== What the task requires ==
A word-for-word printout of the whole listing is needed.

== Stored data ==

────────

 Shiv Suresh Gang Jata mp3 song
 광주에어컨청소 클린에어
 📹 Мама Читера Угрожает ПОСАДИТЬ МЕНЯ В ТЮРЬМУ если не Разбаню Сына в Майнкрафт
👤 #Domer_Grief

────────

== Response below ==
 Shiv Suresh Gang Jata mp3 song
 광주에어컨청소 클린에어
 📹 Мама Читера Угрожает ПОСАДИТЬ МЕНЯ В ТЮРЬМУ если не Разбаню Сына в Майнкрафт
👤 #Domer_Grief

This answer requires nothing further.